At first glance, these extraordinary artworks appear to be aerial shots featuring crowds of people carefully placed to form the faces of some renowned icons.
Look more closely, the figures making up the portraits of Elvis and screen siren Marilyn Monroe aren't real at all. In fact they are mini models intricately painted by US artist Craig Alan.
Atlanta-based artist Mr Alan came up with the idea for the unusual artwork after taking photos of the street from a 6th floor balcony.
The ant-sized people below seemed to form pictures - inspiring him to create paintings using the same idea.
Most of the miniature models are painted in black, except for those that form the lips of Monroe and Audrey Hepburn, which he coloured red
The "Populous" paintings - which take about three weeks to create - now fetch up to £30,000 each.
Speaking about his amazing artwork, Mr Alan said: “I was at my mother's apartment in Alabama watching people on the beach from the sixth story balcony.
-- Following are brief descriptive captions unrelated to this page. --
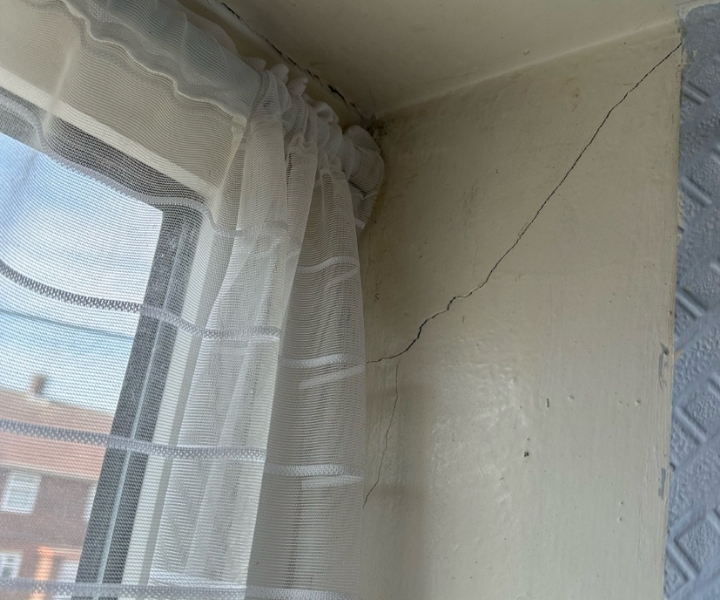 Fine crack on interior wall corner near window frame.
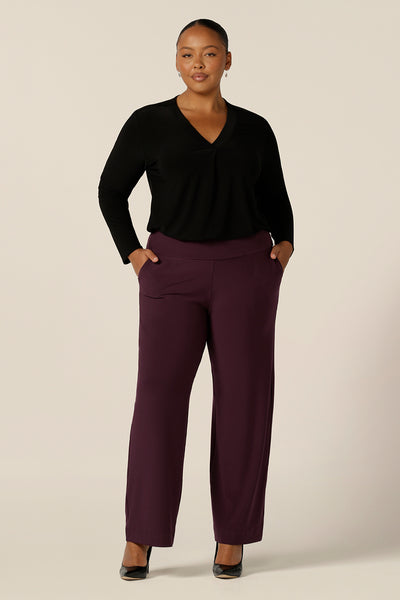 A plus size, size 18 woman wears a long sleeve top with V-neck in black jersey worn with straight, wide leg trousers in Mulberry. Made in Australia by Australian and New Zealand women's clothing label, L&F .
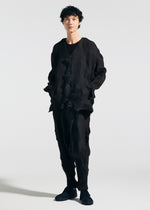 A person stands against a plain background wearing TYPE-P 003-1 by A-POC ABLE ISSEY MIYAKE—a textured black outfit with Baked Stretch pleating, buttoned jacket, soft texture pants, and black shoes—offering versatile everyday wear.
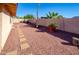 Landscaped backyard with gravel and a patio area at 2613 E Michigan Ave, Phoenix, AZ 85032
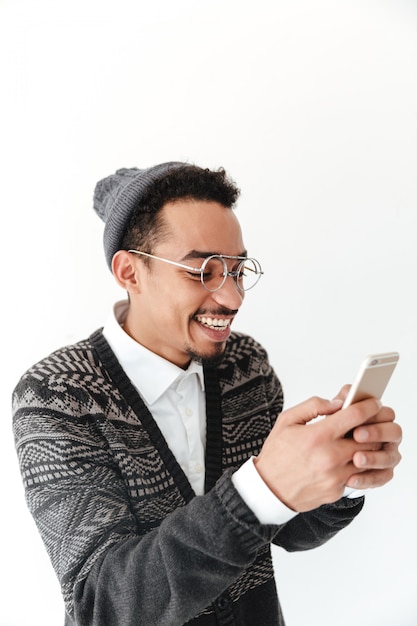 Feliz joven africano chateando por teléfono.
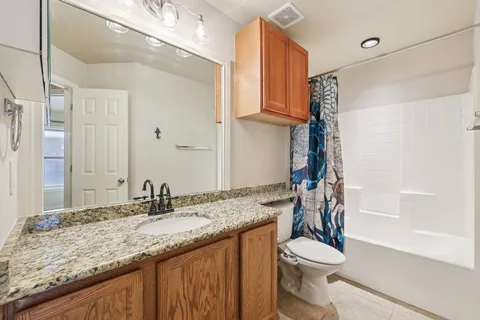 a bathroom with a granite countertop sink toilet and shower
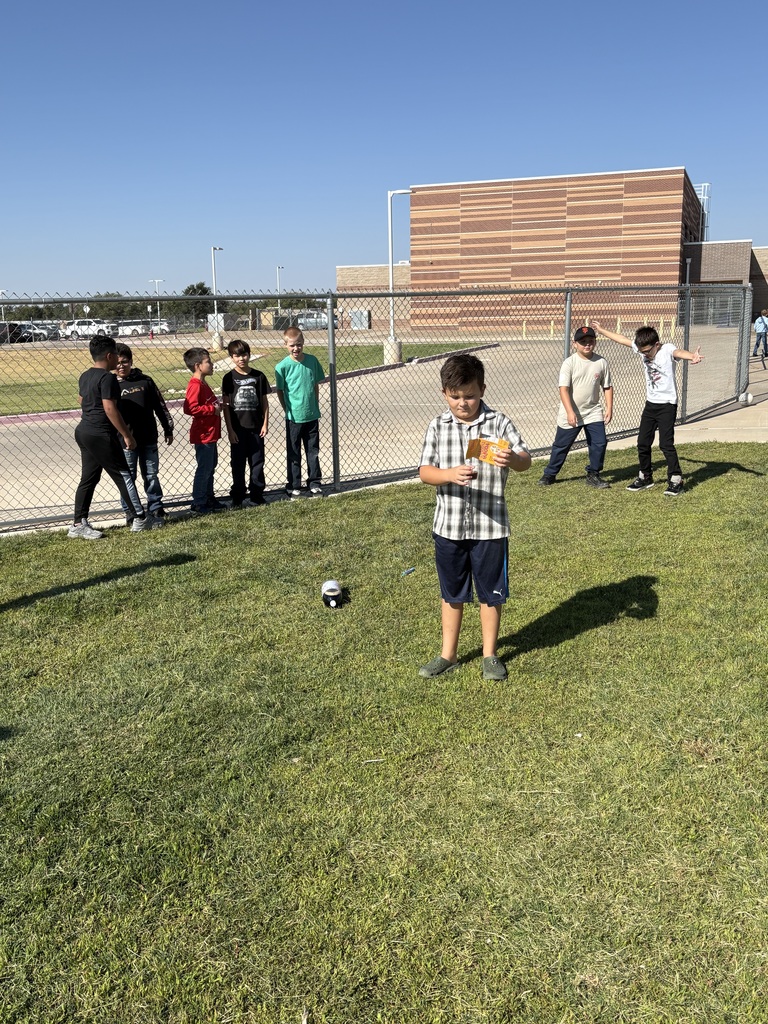 A group of kids are standing on a grassy field, playing with a soccer ball.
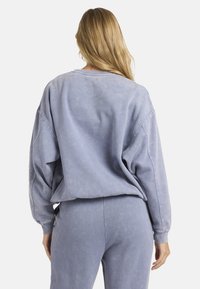 Sudadera de gran tamaño, de color azul claro, con una textura lavada, hombros caídos, puños de canalé y un escote redondo. Combinada con pantalones a juego.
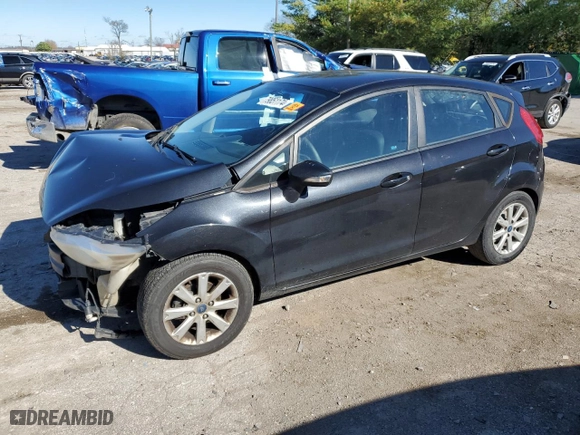 2013 Ford Fiesta SE with VIN 3FADP4EJXDM202150, listed as a Copart auction lot 79851174 with 127,979 mi miles and Salvage Title. Bid and sale history available at carsss.com. Image 1.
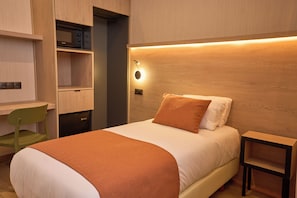 Une chambre avec un lit, un bureau et un four à micro-ondes.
“I started photographing them and then I noticed a pattern through the camera.
“In one shot, the group of people appeared to have formed an eye on the screen - this started my creative wheels turning.
“Portraits always came easily to me, so it was only natural that the two should be combined.
“It's rewarding for me as an artist to watch people's reaction to my work and to see them get such enjoyment out of it.”